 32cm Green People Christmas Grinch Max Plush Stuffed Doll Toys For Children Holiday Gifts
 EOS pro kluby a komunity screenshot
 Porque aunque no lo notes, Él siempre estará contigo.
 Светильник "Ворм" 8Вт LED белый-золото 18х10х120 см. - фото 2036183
...
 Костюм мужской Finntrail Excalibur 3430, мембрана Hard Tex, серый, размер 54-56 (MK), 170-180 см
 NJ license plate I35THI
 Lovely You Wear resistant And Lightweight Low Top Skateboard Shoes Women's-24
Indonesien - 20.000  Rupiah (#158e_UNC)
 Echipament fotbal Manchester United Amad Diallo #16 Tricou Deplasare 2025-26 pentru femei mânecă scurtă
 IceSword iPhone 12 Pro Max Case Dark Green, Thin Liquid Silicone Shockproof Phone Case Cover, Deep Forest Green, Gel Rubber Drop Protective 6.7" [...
---
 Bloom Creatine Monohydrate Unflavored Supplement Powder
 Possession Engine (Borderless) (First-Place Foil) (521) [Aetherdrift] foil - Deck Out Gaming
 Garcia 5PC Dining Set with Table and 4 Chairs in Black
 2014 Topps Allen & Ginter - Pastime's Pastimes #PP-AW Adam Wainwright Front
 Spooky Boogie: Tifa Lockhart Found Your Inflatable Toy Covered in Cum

◆ Exercise: Using the material above, count the lines containing the word "Green". Reply with the number alone.

◆ Response to the task: 2